The Ain Dara Temple in Syria demonstrates that Solomon’s temple was built along the lines of other contemporary temples of the time. It had a rectangular layout, with similar dimensions. The two buildings were similar in the placement of a shrine area at the end of the building. And they had another similarity.

At Ain Dara, at the end of chain of rooms, the main hall led to an elevated shrine area. A ramp led up to the podium. This elevated area featured a niche where an image of a god would have been placed. It is thought that this main hall would have been separated from the shrine area by some form of barrier, creating two rooms from this one large area.
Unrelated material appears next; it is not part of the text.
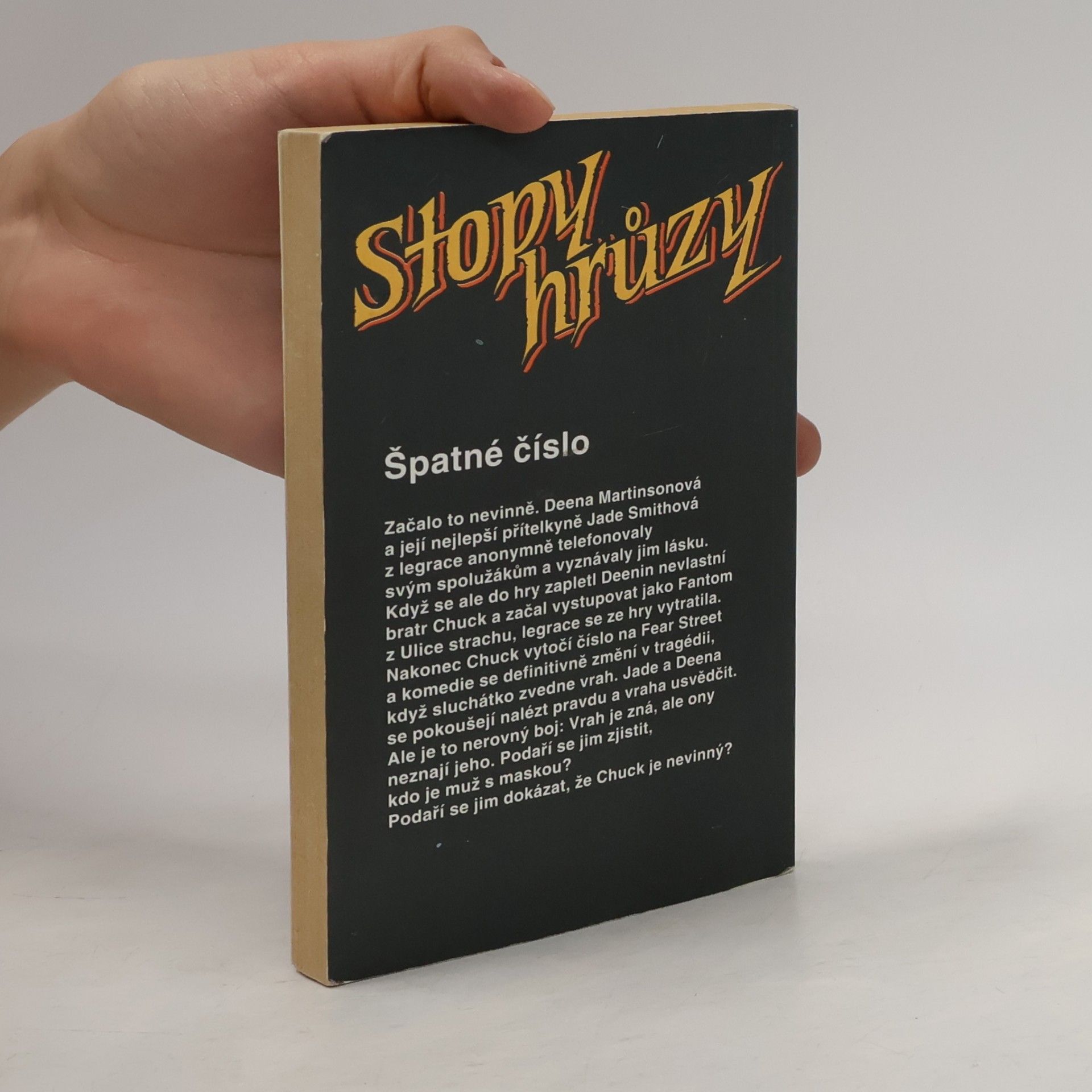 R. L. Stine Haló, tady fantom!
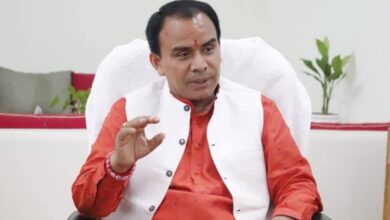 उच्च स्तरीय बैठक में चर्चा के बाद अधिकारियों को दिये शीघ्र भर्ती के निर्देश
In Solomon’s temple, the building was sixty cubits long, twenty wide and thirty high. But the Holy of Holies, the inner sanctuary area was twenty cubits long, twenty wide and twenty high. If the building was thirty cubits high and the inner sanctuary was only twenty cubits high, it would mean that either the inner sanctuary had a roof at twenty cubits or the inner sanctuary was elevated to ten cubits high, which would have required either steps or ramp to enter. The ark, with its cherubs above, could have sat on an elevated platform, just as there was an elevated platform at Ain Dara.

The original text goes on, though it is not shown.